Ok. So I met this girl online. Well kinda. She emailed about a dozen people at random hoping to make a few new connections, and apparently I was the only one who wrote back. So we exchanged a few emails. She seemed neat. Clever in a kind of pessimistic way.
Well, I think I scared her off. She said something that I interpreted wrong and to which I replied casually “my first girly-crush was on a geek-girl”. If I have offended her, I feel bad. And if she misunderstood that as me coming on to her, I must laugh a little, because I wasn’t. Guys I don’t date have told me in casual conversation that their first “crush” was in 2nd grade, on the girl with glasses and they used to hold hands at recess. Does this sound like a pick-up line to you?
Anyway, most likely I am just mad-paranoid and that whole inferiority complex I must still have is rearing it’s ugly head in the form of “I must still be a freak”. bleh.
Oh… and if she’s reading this… I hope she knows that I’m posting this here just to release a bit of tension… this is just another journal entry and is meant to be socially non-destructive. (In other words: write back ok?!)
In Other News: Last night, I was about 12 or 13 years old, and this greasy scary fat man kidnapped me and took me into this room with white walls and mirrors. He put me in a wooden chair (like a baby’s high-chair) and with this disgusting toothy grin, pulled my pigtails away from my head and pressed a gun to them… He shot my hair a dozen times because he kept missing. In the end, he’d given me this butchered and very choppy hair-cut. I touched my hair, and looked into one of the mirrors. I saw that I wasn’t 13 years old. I was really 19. The man disappeared as far as I could tell. I looked down at the chair I was sitting in and discovered it was very old, and the yellow and blue flowers painted on it were chipping away.
Yesterday I had this geekiness-related emotional breakdown. Or something. It was the result of a fight Tomo and I had… which had been triggered by the fact that I knew more about his computer than he did… It was a stupid fight. Well, the initial one anyway. Because I really am not a geek. And my confusion over why I keep trying to be one, even though all it does is alienate me from my non-geeky friends, and make me feel stupid…I tried to write about all this, but the words I typed weren’t expressing what I was feeling. So I made the entry private.
Later in the evening, Tomo and I were talking about our trip to Kochi, and the fact that I am absolutely terrified of the idea of meeting his parents came up, and poured down my face. So it was emotional breakdown number two. But the two incidents, I realize now, were because of the same thing. The same loose wire in my brain was causing both.

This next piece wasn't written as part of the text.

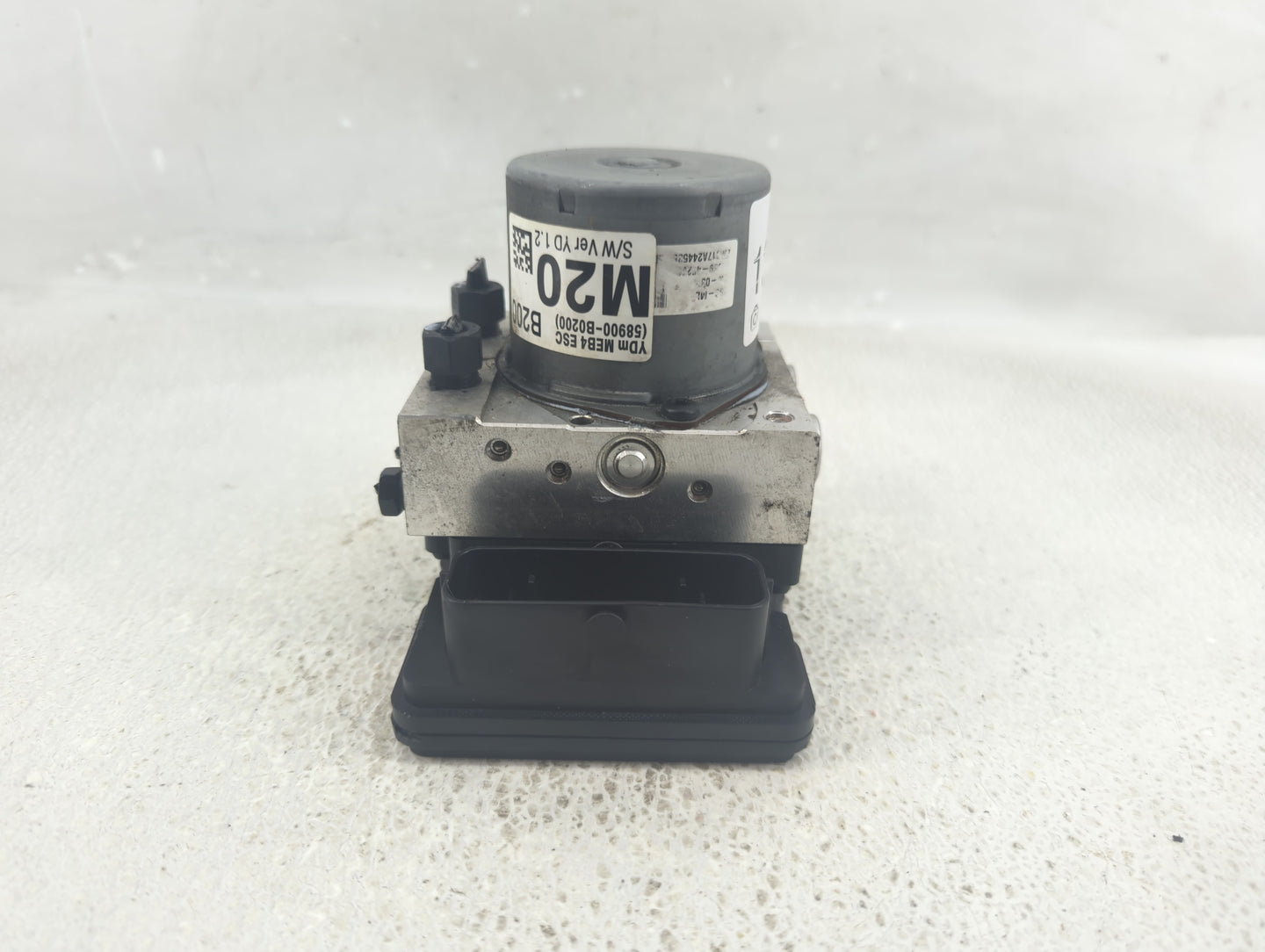 2017-2018 Kia Forte ABS Pump Control Module Replacement P/N:58900-B0200 Fits Fits 2017 2018 OEM Used Auto Parts - Oemusedaut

I am still a child. And not because I like to watch cartoons (Tomo might beg to differ). But because I am still dependent on other people’s encouragement and approval of me. Without it, I feel alone, lost and purposeless most of the time. There are situations, and certain times when I do feel less like a child, and more like the butterfly in Hope for the Flowers. Like when I drove up to Bellingham the first time. It was my time to learn that thing, and I wanted to go… Independence was mine. I was alive.
So I am still a child. And I guess it is ok, as long as I don’t let myself wallow in self-pity because of my emotional immaturity. As long a I keep listening for the tiny voice that will tell me that I am ready to “drive to Bellingham” again. As long as I don’t become dependent on this aspect of my identity to feel real.

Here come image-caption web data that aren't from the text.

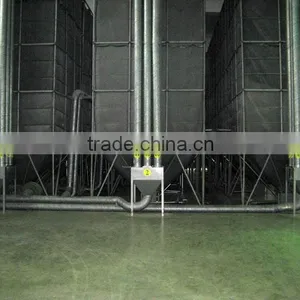 EPS Polystyrene Styrofoam Aging Silo thumbnail-3
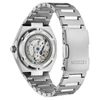 Kép 3/4 - Citizen Automatic Zenshin 60 Super Titanium férfi óra - NK5020-58P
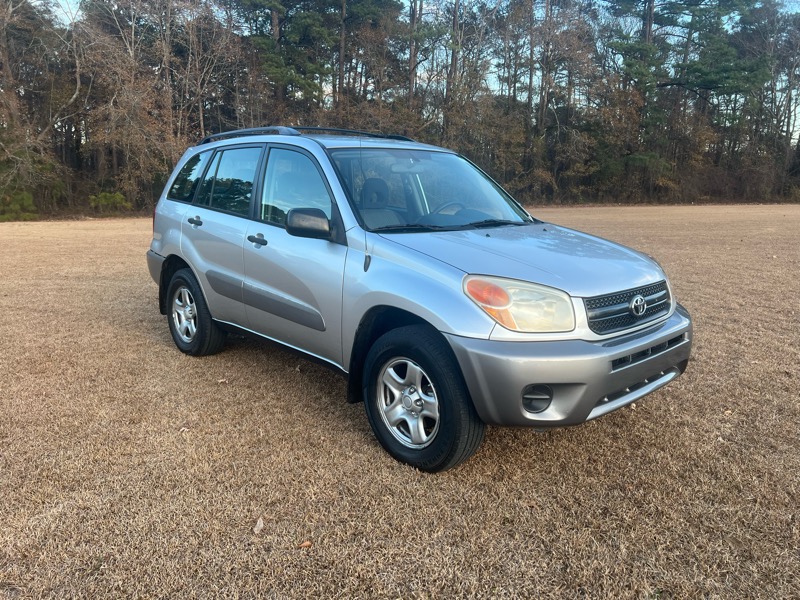 Toyota RAV4 4WD 2004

Someday, I will know where I am going. I won’t be afraid of people’s opinions, and I won’t crave them either. Maybe I will be the only person in the world, and maybe I will die of old age the very next day… but it will happen.
But until then, if you tease me about watching more hours of cartoons than some lonely fcuks watch of porno, I swear, watch your mailbox… There will soon be a package from Japan that you probably shouldn’t open because of the 2.7 kilograms of KUNG FU that will knock you on your ass if you do.